Нина вскрикнула, и прозвучавший в ее голосе страх вернул Ли из его далека в реальный мир, а в нем, в этом мире, их автобус въехал на очередной карниз так, что казалось: обрыв головокружительной высоты начинается сразу за окном, у которого они сидели. Ли посмотрел вниз, обнял Нину, прижал ее к себе, сказав: «Не бойся! Сегодня с нами ничего не случится!», и тут же заснул крепким сном.

Его пробуждение и весь второй круг его жизни, как и последующие круги, заслуживают отдельных повествований, и они последуют, если будет на то Божья воля, а пока оставим Ли спящим на плече охраняющей его сон любимой им молодой женщины в маленьком автобусе, с трудом преодолевающем подъем на очередном серпантине на западных склонах горы Кастель, чтобы после минутной остановки в Алуште двинуться к Ангарскому перевалу.

Отражения и силуэты

Вечная мировая загадка выражается

в отдельных индивидах.

Р. Штайнер
Вместо эпилога к повествованию о молодых годах Ли Кранца

Автобиографические записки человека, названного в этом повествовании Ли Кранцем, попали ко мне несколько лет назад. Не буду уверять, что я лишь издатель этих записок, хотя такой весьма удобный прием широко использовался в изящной словесности всех времен и народов. Они не предназначались для печати, и пришлось основательно потрудиться, чтобы превратить их в связный рассказ. Хорошо ли, плохо ли это получилось — не мне судить.

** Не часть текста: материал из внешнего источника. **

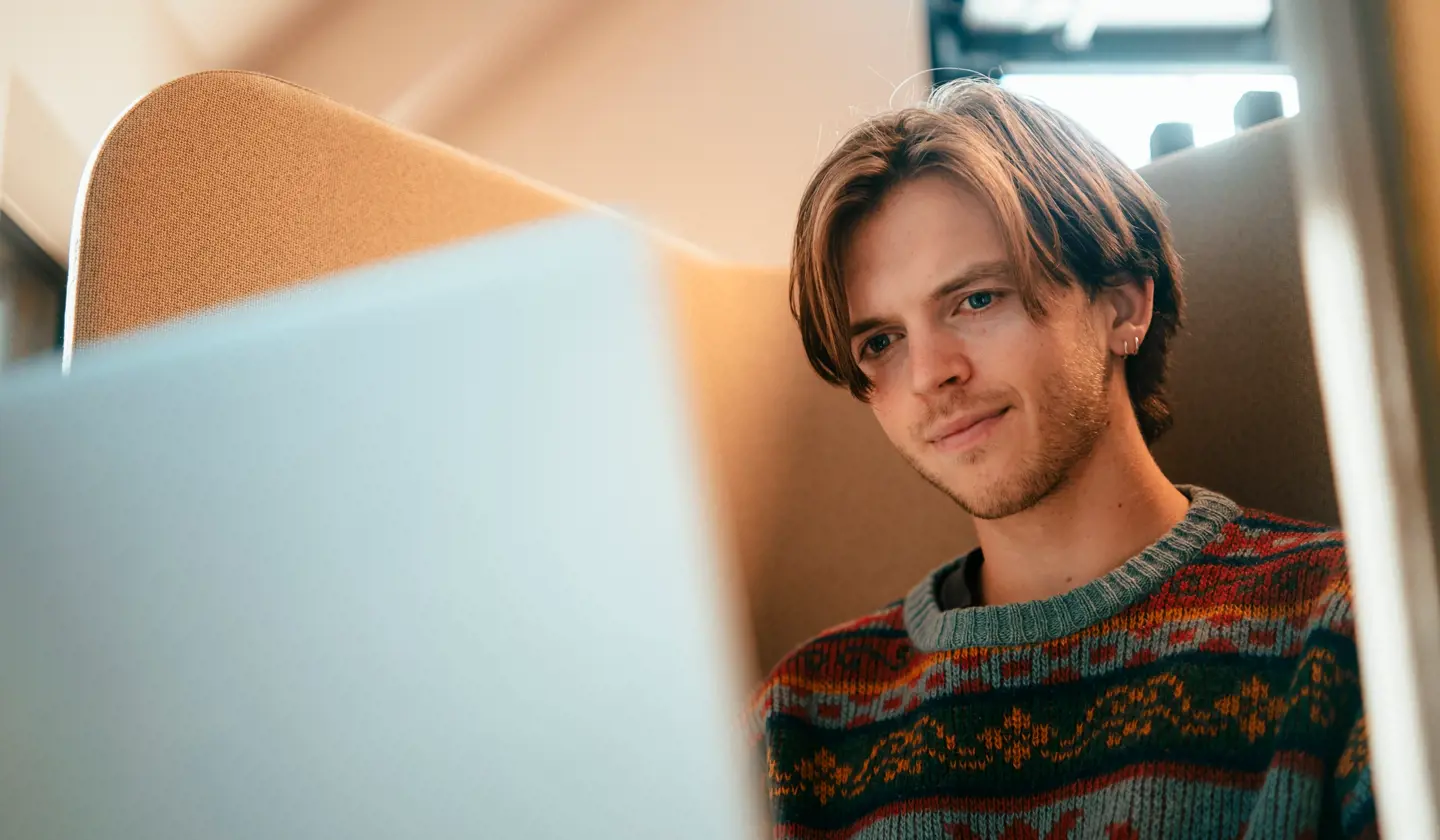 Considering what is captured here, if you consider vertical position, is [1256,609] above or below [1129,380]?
below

Должен отметить, что при первом моем знакомстве с записками Ли Кранца многое в них показалось мне плодом фантазии и даже мистификацией. Потом для меня стали проясняться истинный смысл и внутренняя логика раскрывающейся передо мной жизни. И как я ни пытался упростить свой рассказ о ней, целого ряда сложностей я так и не сумел избежать.

Читатель двадцатого века уже привык к жизнеописаниям людей, обладающих сверхъестественными способностями и уверенно использующими их по своей воле во имя Добра и Зла. Но как быть с человеком, может быть, и наделенным некоторой тайной силой, но не имеющим над нею никакой или почти никакой власти, поскольку эти его способности «включает» и «выключает» на некоторое время и помимо его воли Кто-то Другой?

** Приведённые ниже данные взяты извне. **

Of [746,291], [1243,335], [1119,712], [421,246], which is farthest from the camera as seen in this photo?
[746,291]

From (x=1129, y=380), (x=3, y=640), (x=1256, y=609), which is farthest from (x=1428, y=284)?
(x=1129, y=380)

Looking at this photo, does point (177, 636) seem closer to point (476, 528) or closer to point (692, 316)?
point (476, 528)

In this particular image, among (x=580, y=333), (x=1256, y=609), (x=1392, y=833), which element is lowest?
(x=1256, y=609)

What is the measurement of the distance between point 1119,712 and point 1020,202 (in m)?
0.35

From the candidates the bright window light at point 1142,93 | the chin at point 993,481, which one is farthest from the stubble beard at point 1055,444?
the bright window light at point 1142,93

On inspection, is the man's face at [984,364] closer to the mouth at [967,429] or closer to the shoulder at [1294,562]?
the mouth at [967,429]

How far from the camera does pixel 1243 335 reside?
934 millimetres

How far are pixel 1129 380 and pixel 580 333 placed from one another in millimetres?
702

Не новым является и сюжет, связанный с появлением среди сильных мира сего некоего «чужого», наводящего в этом их мире свои порядки. Такой сюжет дает возможность показать читателю быт, жизнь, интимные привычки исторических лиц, украсив свой рассказ подробным описанием присущих этим лицам половых и иных извращений. Но как быть, если «чужой» и не пытался проникнуть в этот сладостно интересный читателю мир?

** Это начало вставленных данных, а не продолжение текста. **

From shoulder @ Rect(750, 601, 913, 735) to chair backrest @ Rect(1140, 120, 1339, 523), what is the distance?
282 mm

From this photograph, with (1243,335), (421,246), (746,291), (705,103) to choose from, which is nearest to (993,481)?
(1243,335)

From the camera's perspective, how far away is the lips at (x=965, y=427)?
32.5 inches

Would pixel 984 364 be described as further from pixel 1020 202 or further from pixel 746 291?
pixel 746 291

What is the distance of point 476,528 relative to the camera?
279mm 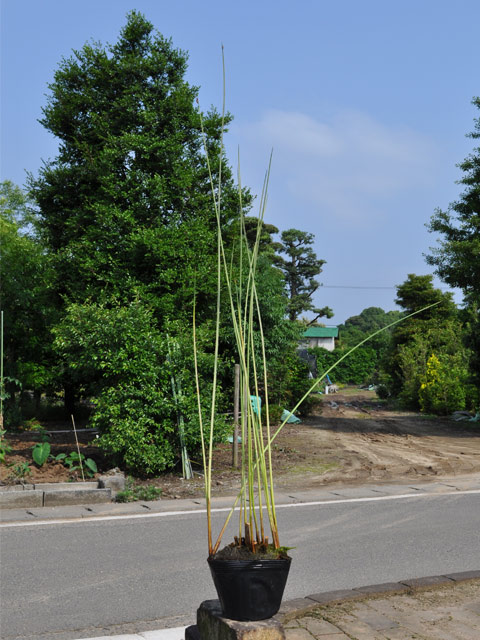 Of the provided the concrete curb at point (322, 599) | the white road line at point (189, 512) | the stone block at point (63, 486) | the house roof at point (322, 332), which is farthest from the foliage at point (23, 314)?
the house roof at point (322, 332)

Таких вопросов в связи с жизнью Ли Кранца можно было поставить немало, ибо у него получалось так, что он, постоянно живя в собственном внутреннем мире, лишь иногда слегка прикасался к миру внешнему, а иногда делал в нем, в этом внешнем мире, несколько шагов, почти не оставляя следов. Сам он говорил, что ходит легкими шагами, хотя слова эти о «легких шагах», мне кажется, уже были использованы в Евангелии.